L’Italia è a bordo grazie a due strumenti: il cuore di Juno sarà l’italianissimo con JIRAM (Jovian InfraRed Auroral Mapper), finanziato dall’ASI, realizzato da Finmeccanica e operato sotto la responsabilità scientifica dell’Istituto di Astrofisica e Planetologia Spaziali (IAPS) dell’INAF. Operante nel vicino infrarosso, lo spettrometro svolgerà indagini negli strati superiori dell’atmosfera gioviana, sarà in grado di rilevare l’eventuale presenza di metano, vapore acqueo, ammoniaca e fosfina e fornirà immagini delle aurore. L’altro componente italiano di Juno è KaT (Ka-Band Translator) uno strumento di radioscienza realizzato dall’Università La Sapienza di Roma, realizzato da Thales Alenia Space Italia sempre con il supporto di ASI.

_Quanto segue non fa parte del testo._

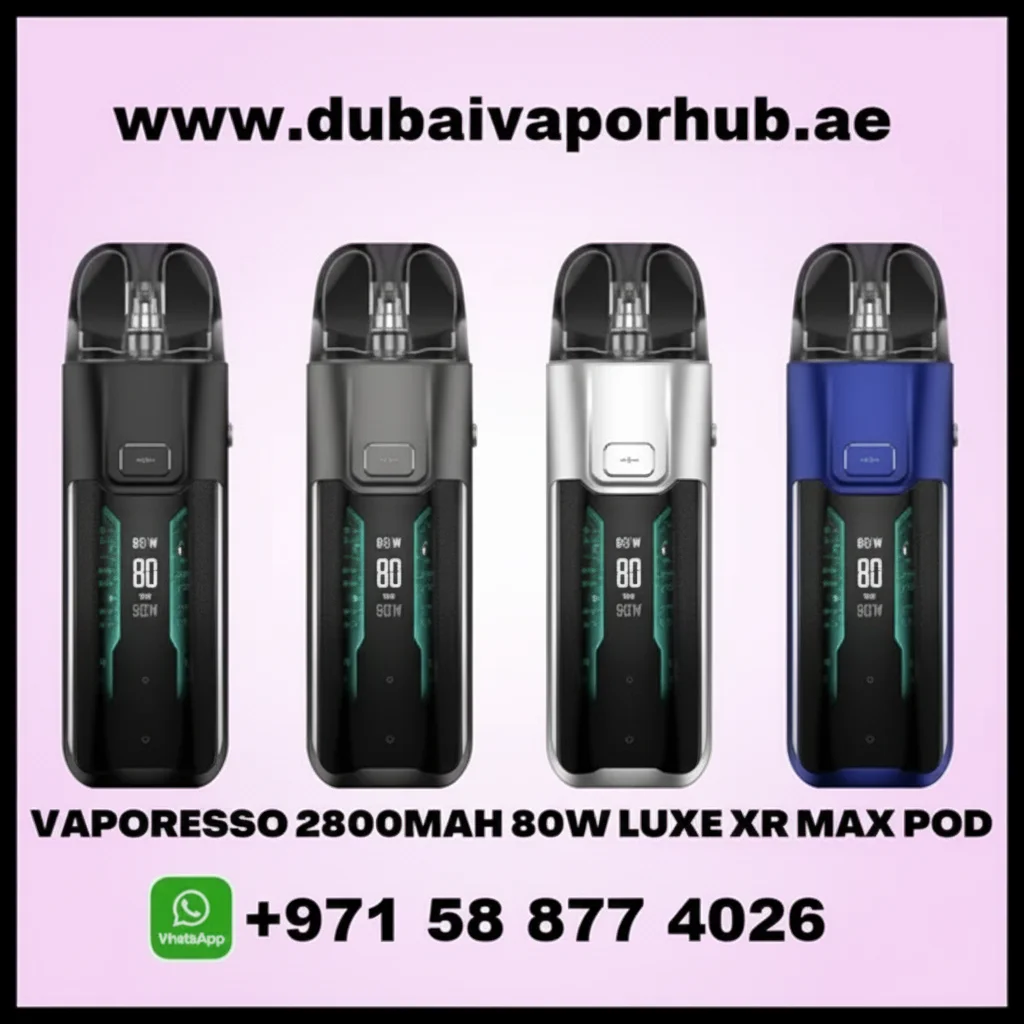 VAPORESSO LUXE XR MAX - 80W POD KIT - Large and Adjustable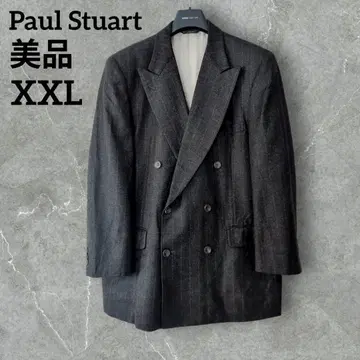 [ 새상품급 ] 폴 스튜어트 레어 XXL 특대형 더블 차콜 스트라이프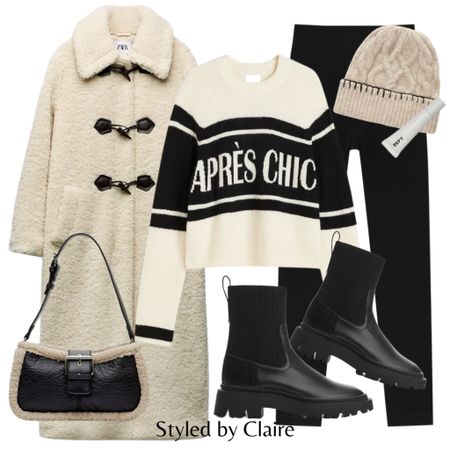 As cosy as it gets🧸
Tags: oversized faux fur teddy shearling coat, jacquard jumper, black leather ankle boots, beanie, shoulder bag, leggings. Fashion autumn winter inspo outfit ideas otoño botas invierno h&m Zara primark 

#LTKitbag #LTKstyletip #LTKshoecrush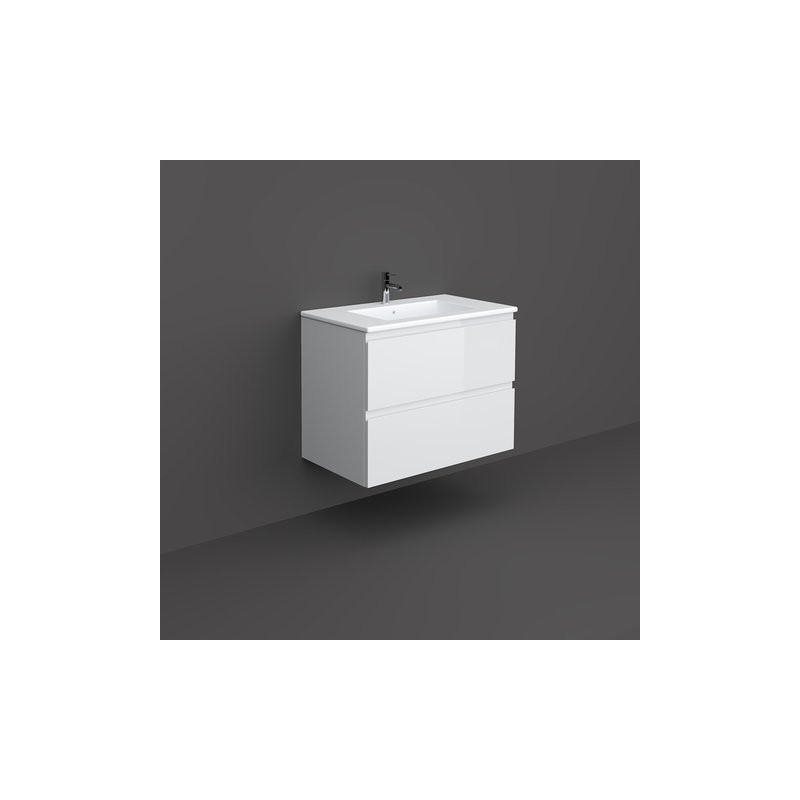 Abgehängte Badezimmermöbel JOY  JOYWH080PWH Pure White  Rak Ceramics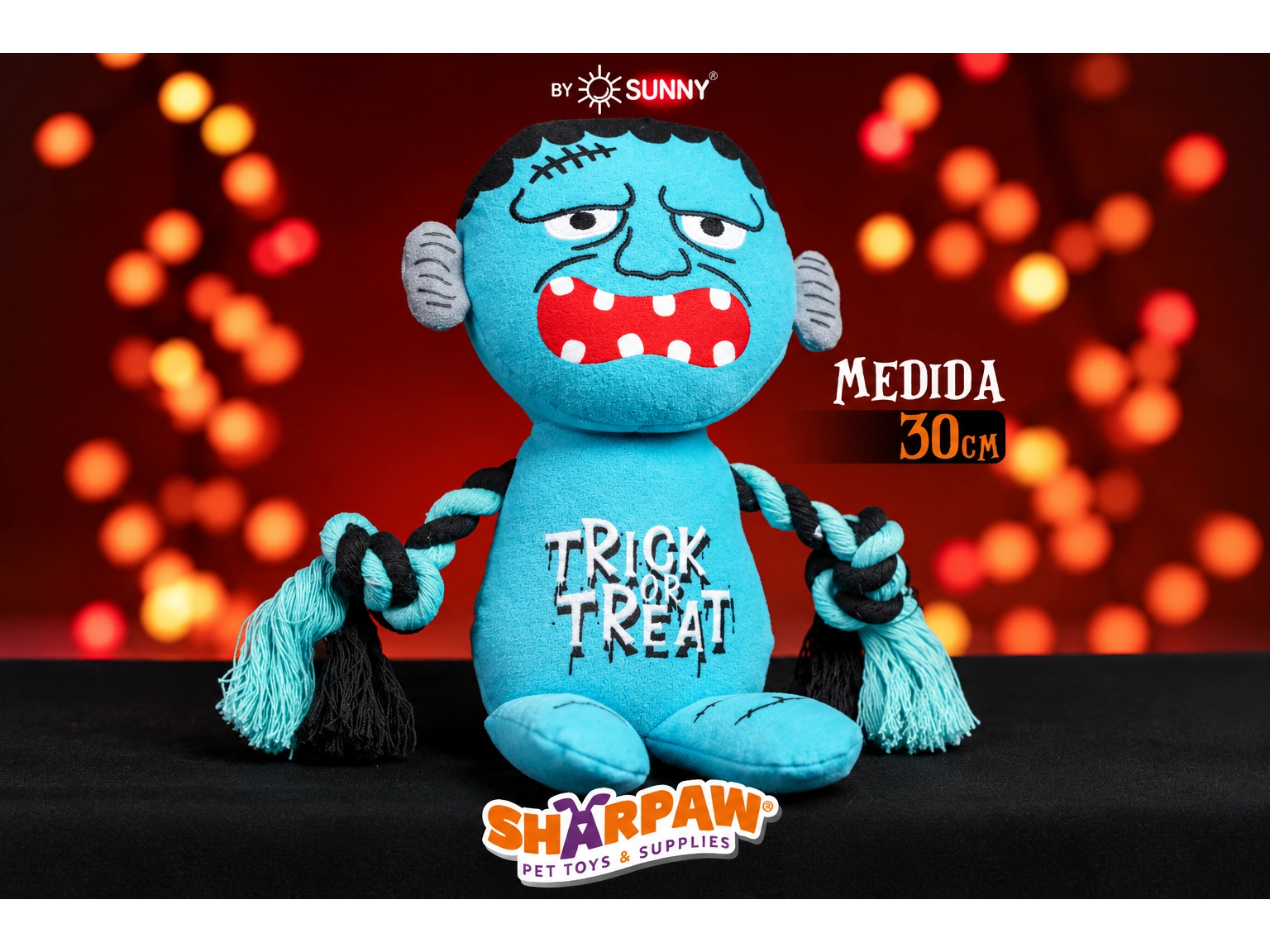 FLUFFY CHUMS PELUCHE FRANKY HALLOWEEN
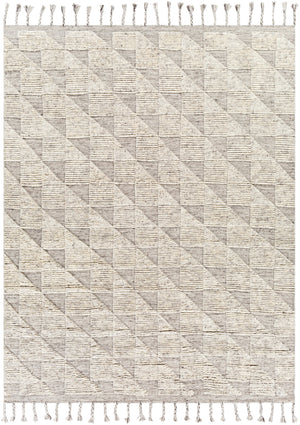 Sahara SAH-2300 Global Wool Rug SAH2300-810 Dark Brown, Ivory, Taupe, Medium Gray 100% Wool 8' x 10'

Il countdown è ormai in corso: sono le ultime ore di viaggio. Quando entrerà nell’orbita di Giove la sonda verrà immersa nell’ambiente più ricco di radiazioni del Sistema Solare, bersagliata dall’equivalente di 100 milioni di radiografie. Sarà immersa nel gigantesco campo magnetico del pianeta, ed altre radiazioni giungeranno dalle particelle liberate dai vulcani della più interna delle lune di Giove, Io. Inoltre lo strato di idrogeno nascosto sotto le nubi di Giove, in condizioni di pressione incredibili, potrebbe comportarsi come un conduttore elettrico.
La schermature della sonda e la particolare orbita a ovale schiacciato sono state studiate dal team proprio per ridurre al minimo l’esposizione alle radiazioni e permettere al veicolo di sopravvivere il più a lungo possibile all’inospitale ambiente giovano e quindi raccogliere quante più informazioni durante la missione, la cui durata nominale è di 20 mesi.